It's tougher than you might think to be a $2.8 trillion company. Apple (AAPL 0.02%) faces a more challenging task to continue the success of its past the bigger it gets.

The tech giant announced its fiscal 2024 second-quarter results on Thursday. One thing was evident from this update: Apple has a problem-- and investors should love it.

Apple's $162 billion problem

Why would anyone be pleased that a company they've invested in is facing problems? Some problems are good ones to have.

That's the story with Apple. The iPhone maker has too much cash on its hands. As of March 30, 2024, Apple's cash, cash equivalents, and marketable securities totaled $162.3 billion. To put that number into perspective, it's greater than the market cap of 450 members of the S&P 500.

This problem is great for investors because of the actions Apple is taking because of its massive cash stockpile. The company plans to transition to a net cash-neutral position over time, where its cash and debt are equal. With Apple's total debt at close to $105 billion and quarterly operating cash flow of nearly $23 billion, it has a lot of cash to spend.

Apple announced last week that it's increasing its stock buyback program by a whopping $110 billion. This is the largest share repurchase authorization in the company's history. The more stock Apple buys back, the more its remaining outstanding shares will be worth.

That's not all. Apple is also raising its dividend payout by 4%, its 12 consecutive annual dividend increase. In the six months ending March 30, 2024, the company returned over $7.5 billion to shareholders through dividends.

A few not-so-lovable problems

Apple has a few other problems that aren't so lovable. The biggest is that the company's revenue fell 4% year over year in its fiscal Q2 to $90.8 billion. This decline is the result of contributing problems with several product lines.

iPhone sales sank nearly 10.5% year over year in the latest quarter to $45.9 billion. Around $5 billion of this negative trend was due to replenishment of channel inventory after COVID-related supply disruptions in the prior-year period.

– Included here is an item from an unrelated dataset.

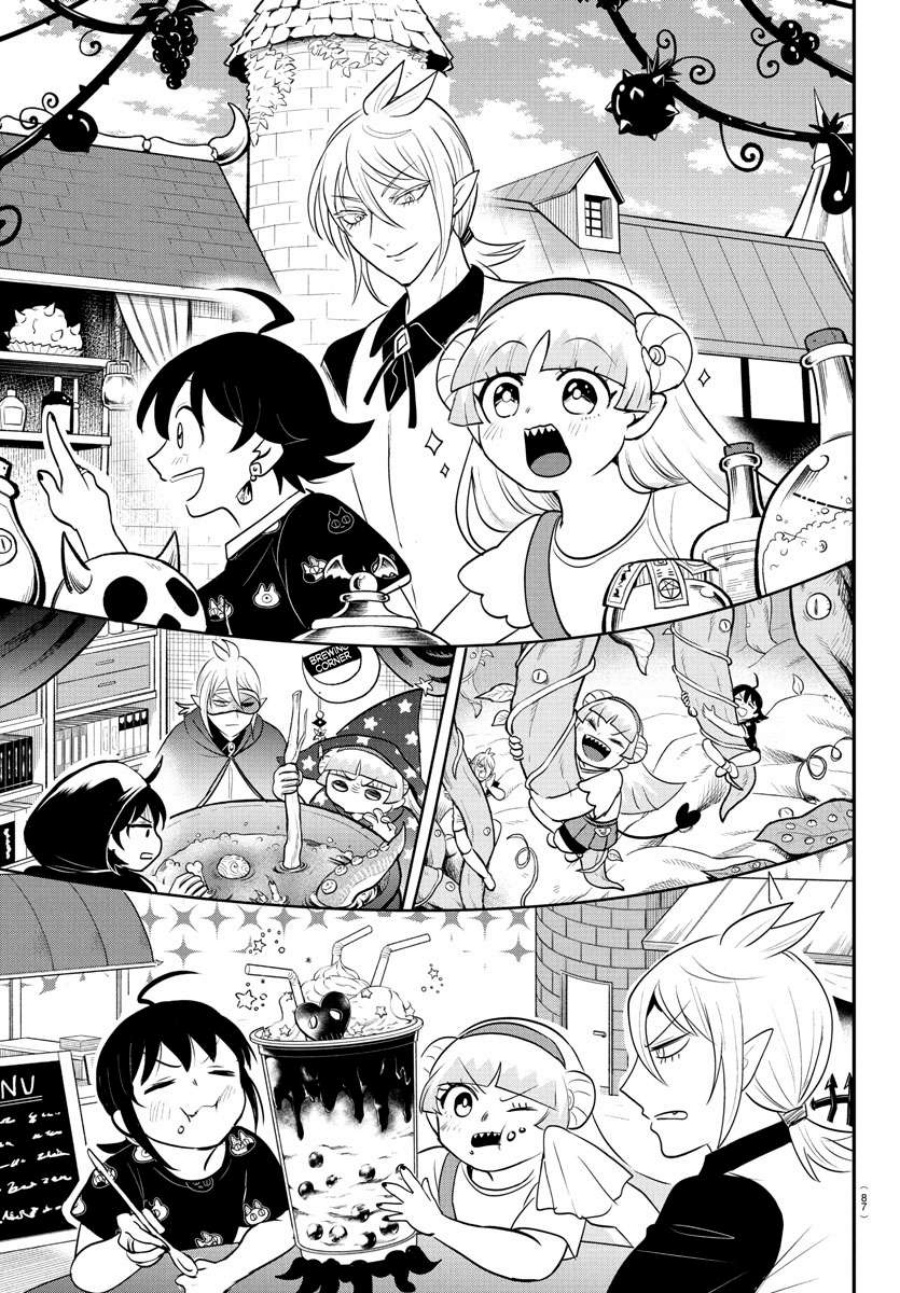 Dilarang COPAS - situs resmi www.mangacanblog.com - Komik mairimashita iruma kun 393 - chapter 393 394 Indonesia mairimashita iruma kun 393 - chapter 393 Terbaru 10|Baca Manga Komik Indonesia|Mangacan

iPad sales fell 16.7% year over year to $5.56 billion. The main culprit behind this decline was that Apple launched its M2 iPad Pro and the iPad 10th generation model last year.

It was a similar story for wearables, home, and accessories. Sales for this category slid 9.6% year over year to $7.91 billion primarily because of the tough comparisons with 2023 Q2 when Apple launched new version of its AirPods and Apple Watch.

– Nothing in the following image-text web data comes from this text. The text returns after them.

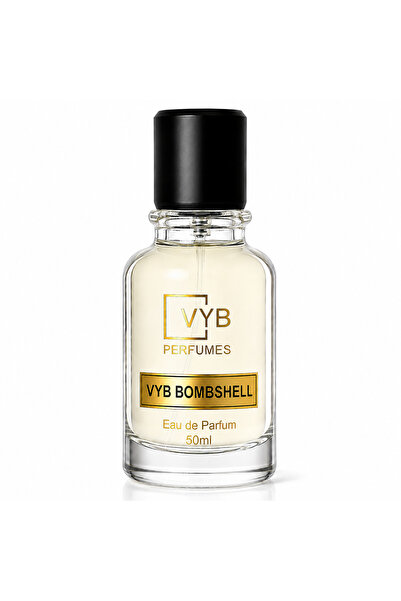 VYB Perfumes Long Lasting Floral Fruity (EDP) Perfume for Women, 50 ml (1.69 ...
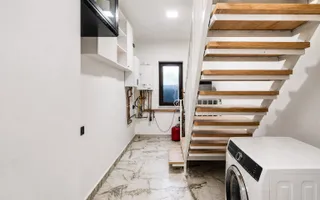 Casa pe parter premium cu piscina in Chisoda independenta energetic - Poză 25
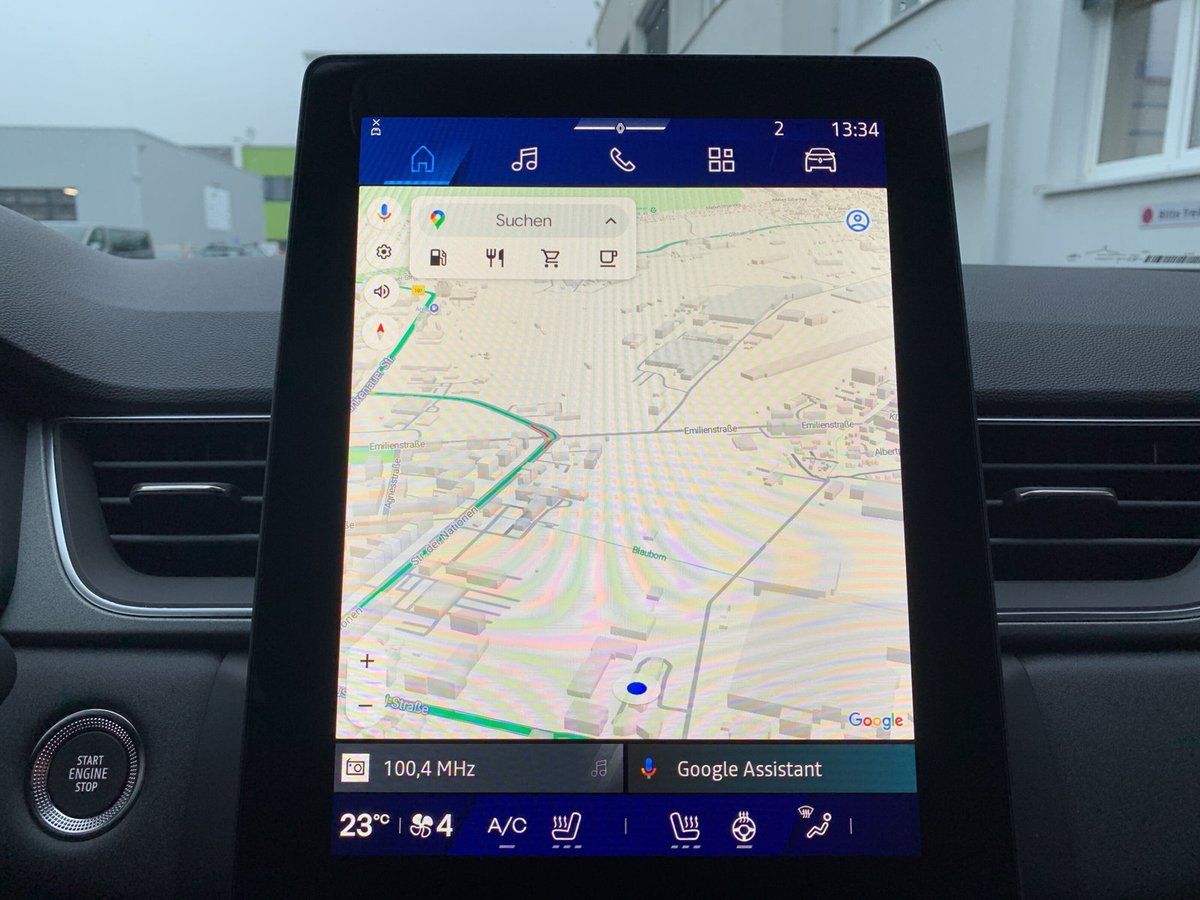 Renault Symbioz - Bild 17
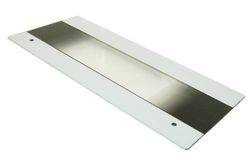 Diplomat Cooker Straight Glass Door Genuine Part Number 117Osdassy43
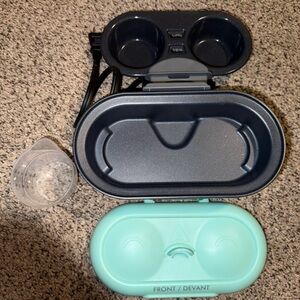 Hamilton Beach Egg Bites Maker with Boiled Egg Insert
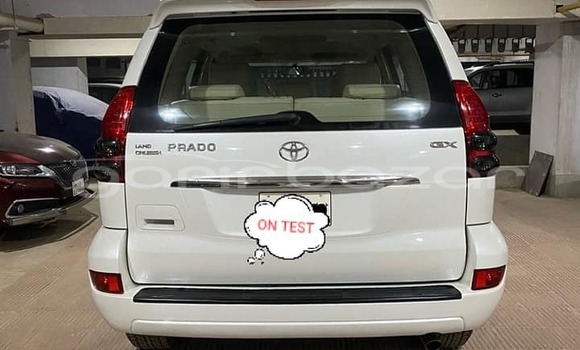 Buy Used 2021 Toyota Land Cruiser in Bagerhat, Khulna Buy Used 2021 Toyota Land Cruiser in Bagerhat, Khulna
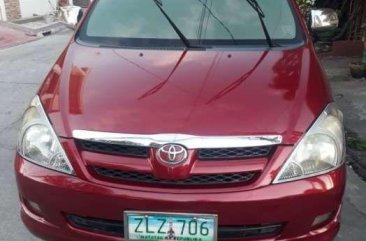 Toyota Innova E Diesel 2007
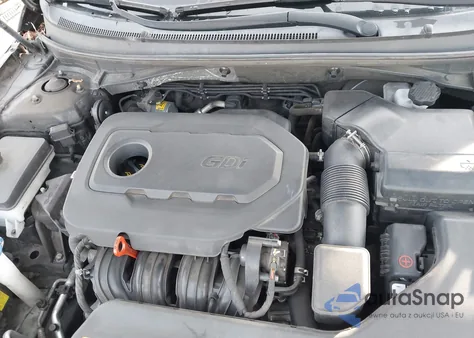 2017 Hyundai Sonata Limited z USA, uszkodzony, nr VIN 5NPE34AF5HH553555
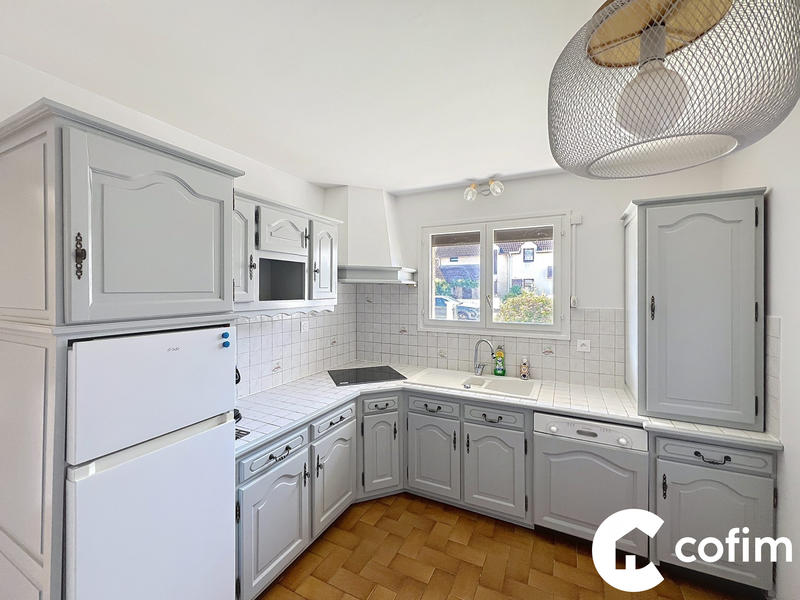 Maison - 93 m² - 4 pièces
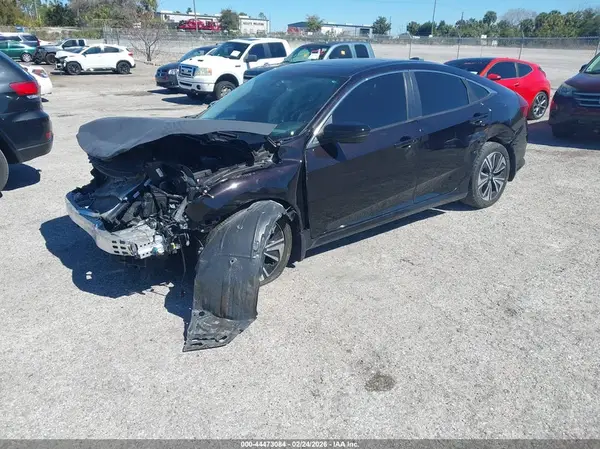 19XFC1F38HE031654 2017 HONDA CIVIC - Image 2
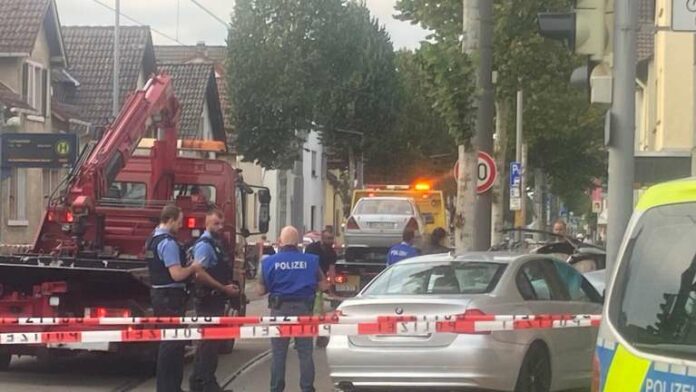 „Im Auftrag Allahs“: 24-Jähriger verursacht schwere Kollision in Darmstadt – ein...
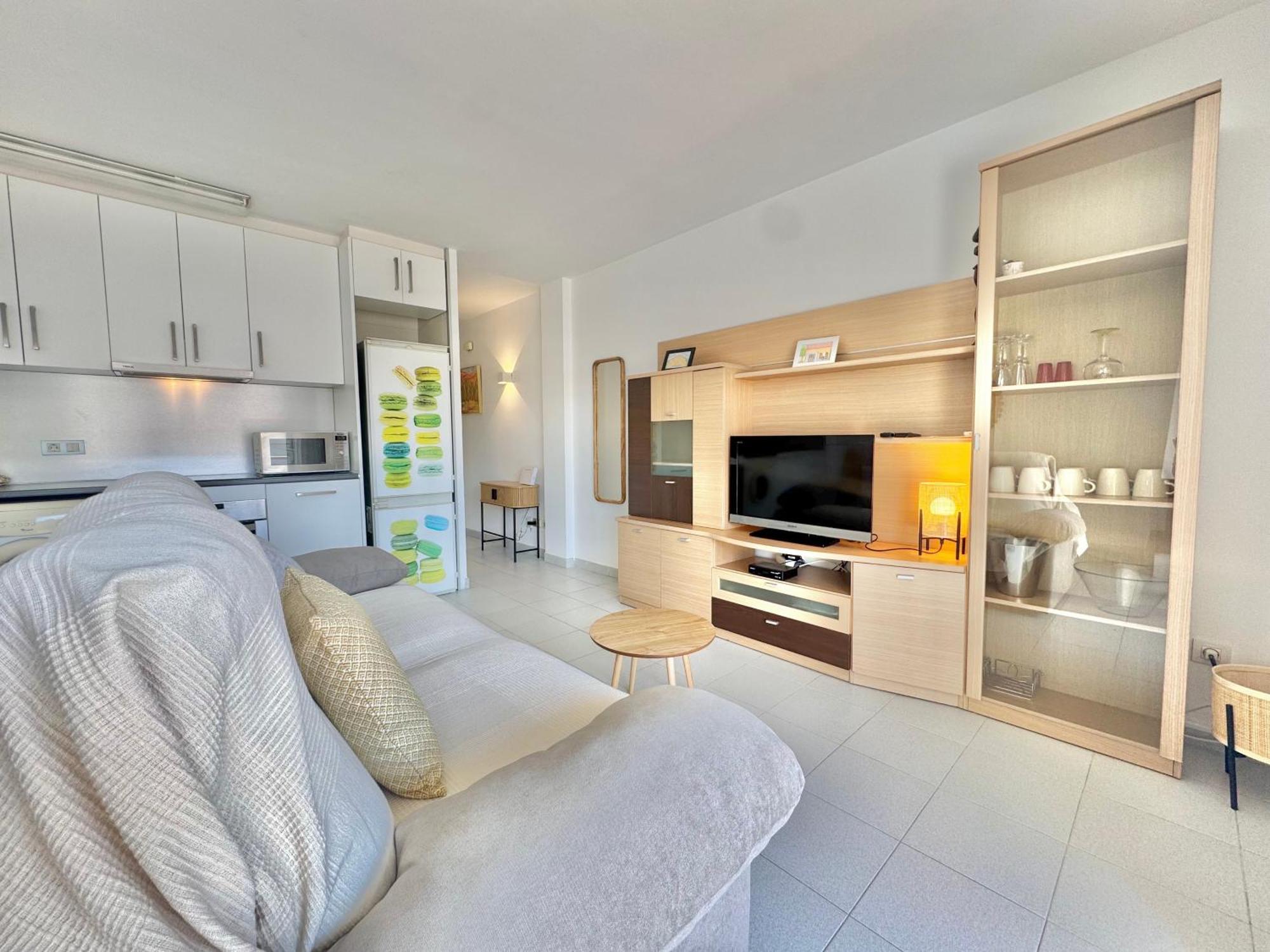 Puig Rom 106 Apartamento Roses Exterior foto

Solutions to some of these problems could be coming

Apple could have solutions on the way to some of these revenue problems. CEO Tim Cook said in the Q2 call Thursday evening the company will have "an exciting product announcement next week that we think our customers will love." He added that Apple's team "can't wait to reveal what we have in store" at the Worldwide Developers Conference next month.

It's a pretty safe bet that artificial intelligence (AI) will be at the heart of some of the upcoming announcements. Cook said, "We believe in the transformative power and promise of AI, and we believe we have advantages that will differentiate us in this new era."

I predict that Apple's AI innovations could kick off a new major upgrade cycle for iPhones (and maybe iPads, too). If I'm right, the company's sales should rebound in a big way. And I think these prospects, combined with the big stock buybacks and higher dividends, make Apple a stock investors can love again.